Mein Sorge um die kommentierfreudigen Prominenten bezieht sich nicht auf ihren Wunsch sich zu äußern, denn das ist ihr Grundrecht so wie eines jeden interessierten Diskussionsteilnehmers. Mich stört das sie zu gut sind in ihrer emotionalen Ansprache, zu viele Menschen mitreißen in ihrem Stakkato der Unzufriedenheit. Und sie bringen auch diejenigen, die sich tatsächlich angesprochen fühlen gegen sich auf. Sie sind die Mediatoren der Gegenseite, die es vorher vielleicht gar nicht gab. Warum brauchen wir Gegenseiten in einer Gesellschaft? Ich behaupte eine der Hauptargumente für eine Abgrenzung von politischen Gruppierungen ist die positive Rückmeldung der Gleichgesinnten.
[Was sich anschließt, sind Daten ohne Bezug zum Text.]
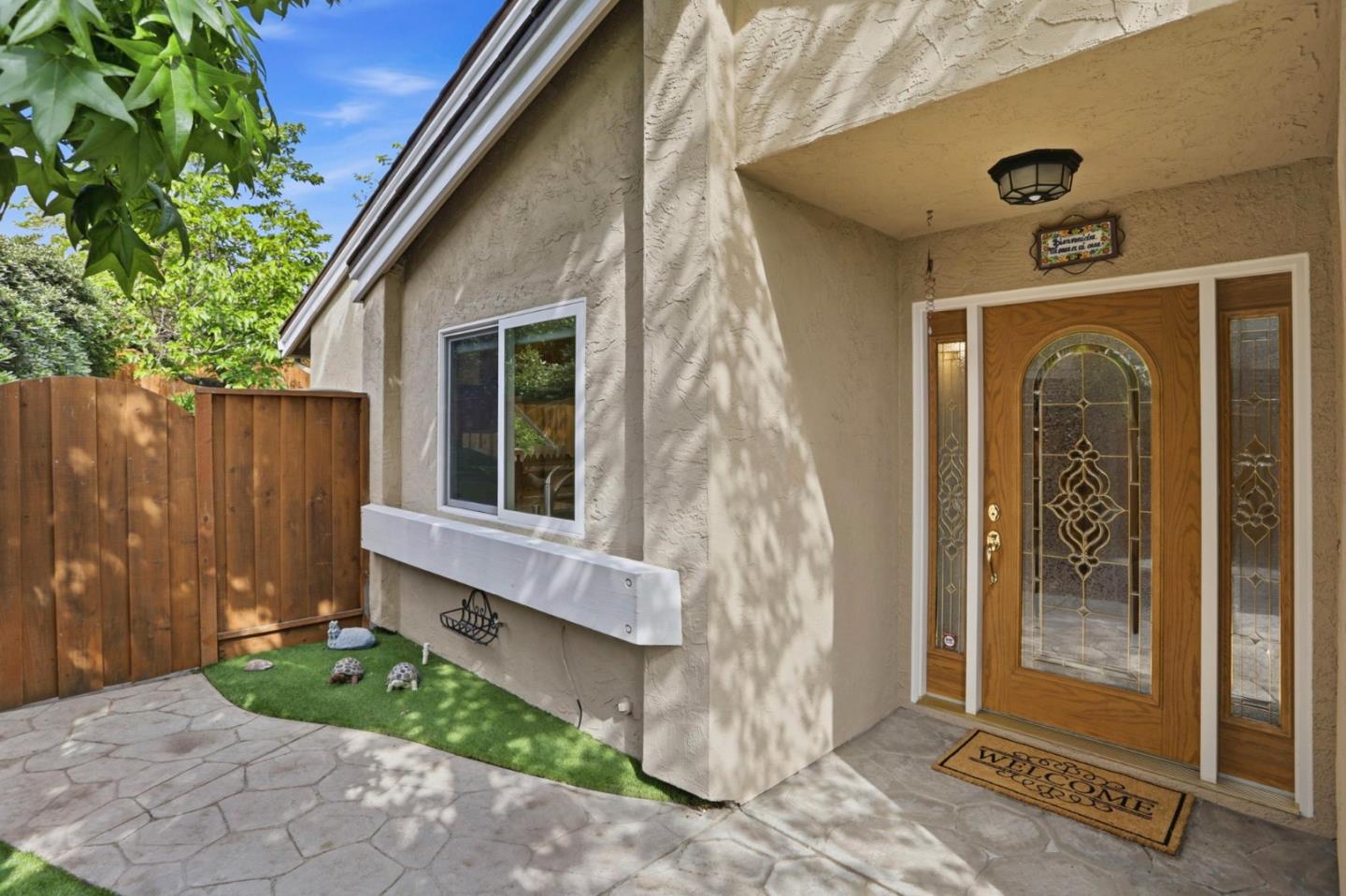 5231 Leesa Ann Court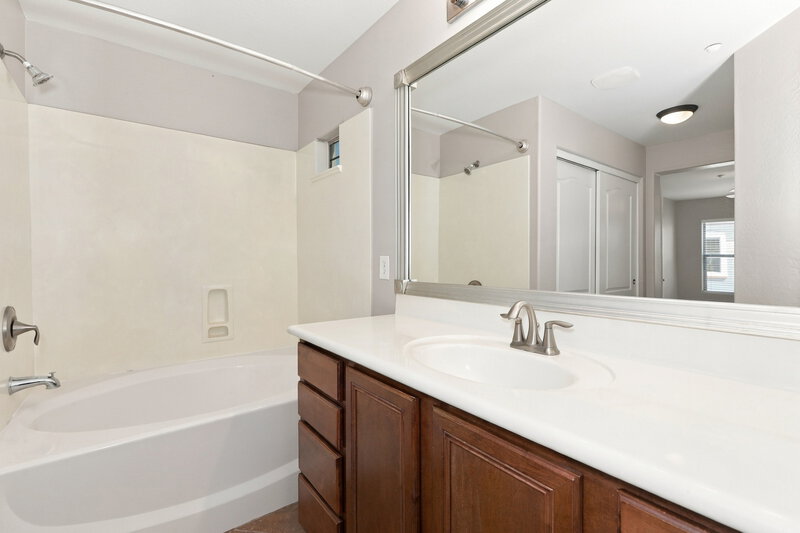 2,305/Mo, 3344 E Franklin Ave Gilbert, AZ 85295 Primary Bathroom View 2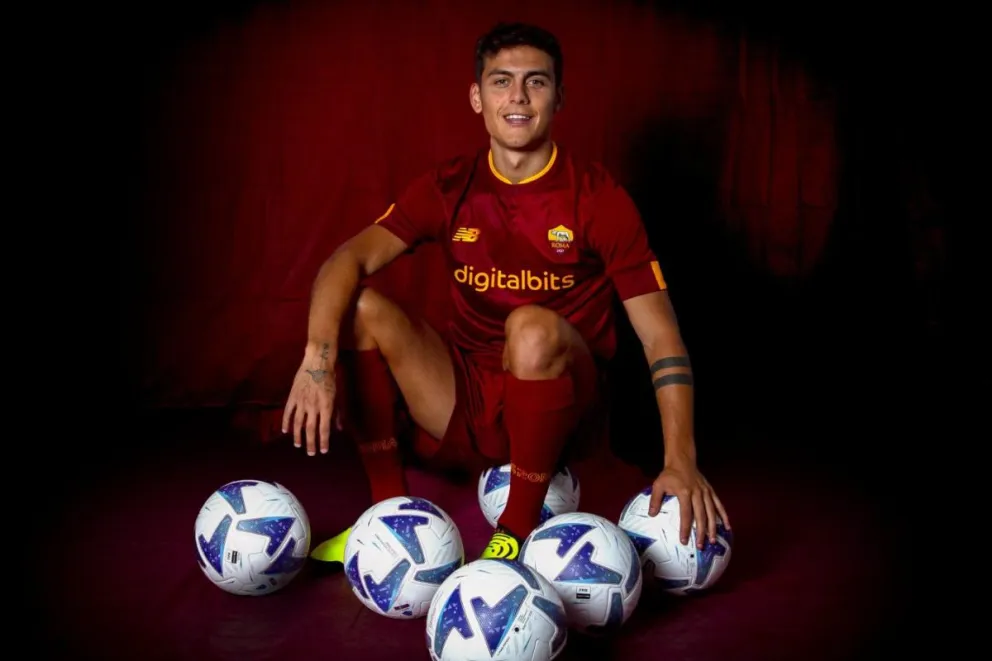Paulo Dybala fue presentado en la Roma: qué camiseta utilizará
Dies funktioniert gegen Flüchtlinge, genauso wie gegen Gegner von Flüchtlingen sowie gegen die Gegner von Gegnern der Flüchtlingsgegner… (ich glaube zu der letzten Gruppe zähle dann ich, das ist dann wohl Abgrenzung in der zweiten Potenz?!). Schließlich wurde der Konflikt angestachelt, Grenzen wurden gezogen und erst dann stellt ein guter Journalist die Frage, warum eigentlich Till Schweiger zur Flüchtlingskrise um ein Statement gebeten wurde. Die Antwort ist zu einfach: Promis bringen Quote. Dave Chapelle brachte in einem Comedy Bit dieses Phänomen treffend auf den Punkt.
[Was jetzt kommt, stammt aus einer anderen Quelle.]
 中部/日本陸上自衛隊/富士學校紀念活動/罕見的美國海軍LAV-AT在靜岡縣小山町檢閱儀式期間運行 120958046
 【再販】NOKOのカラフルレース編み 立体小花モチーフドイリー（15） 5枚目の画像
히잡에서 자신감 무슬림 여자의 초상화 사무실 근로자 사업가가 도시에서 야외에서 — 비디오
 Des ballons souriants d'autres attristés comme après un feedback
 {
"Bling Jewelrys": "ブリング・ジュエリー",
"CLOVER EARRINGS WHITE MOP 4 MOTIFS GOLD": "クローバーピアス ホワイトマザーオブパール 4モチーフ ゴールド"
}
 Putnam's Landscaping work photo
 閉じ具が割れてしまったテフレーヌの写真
Hören wir den Menschen zu, die wirklich eine Stimme haben. Fordern wir auch eine Meinung von denen ab, die eine Stimme haben sollten, nämlich Entscheidungsträgern in Politik und Wirtschaft. Denn Politiker verstecken sich gerne hinter den Künstlern und ihren schönen Sätzen um selber keine Meinung abgeben zu müssen. Hillary Clinton war in ihrem erfolglosen Wahlkampf sehr versiert darin Zitate abzufeuern ohne genau zu erklären welche politischen Handlungen sie persönlich daraus ableitet. Sie hätte stattdessen klarer kommunizieren müssen wofür sie steht. Stattdessen hört der amerikanische Wähler was Jay-Z für politische Vorstellungen hat und das er Clinton unterstützt. Daraus sollen die Menschen einen politischen Standpunkt der Politikerin ableiten? Nein sollten sie nicht! Die meisten tun dies auch nicht und sind deshalb verunsichert was die Menschen in Machtpositionen eigentlich möchten. Dass die gesamte Hollywood Szene auf Seiten von Clinton war, schien die Wählerschaft nicht interessiert zu haben. Vielleicht erzeugte es sogar eine stärkere Aversion gegenüber Clinton, zumindest auf Seiten der großen Masse an Wählern, die Clinton misstrauisch gegenüber standen. Nach der Wahl wurde zumindest deutlich, dass die gesamte A-Promi Liga Amerikas nicht in der Lage ist eine Präsidentenwahl zu entscheiden.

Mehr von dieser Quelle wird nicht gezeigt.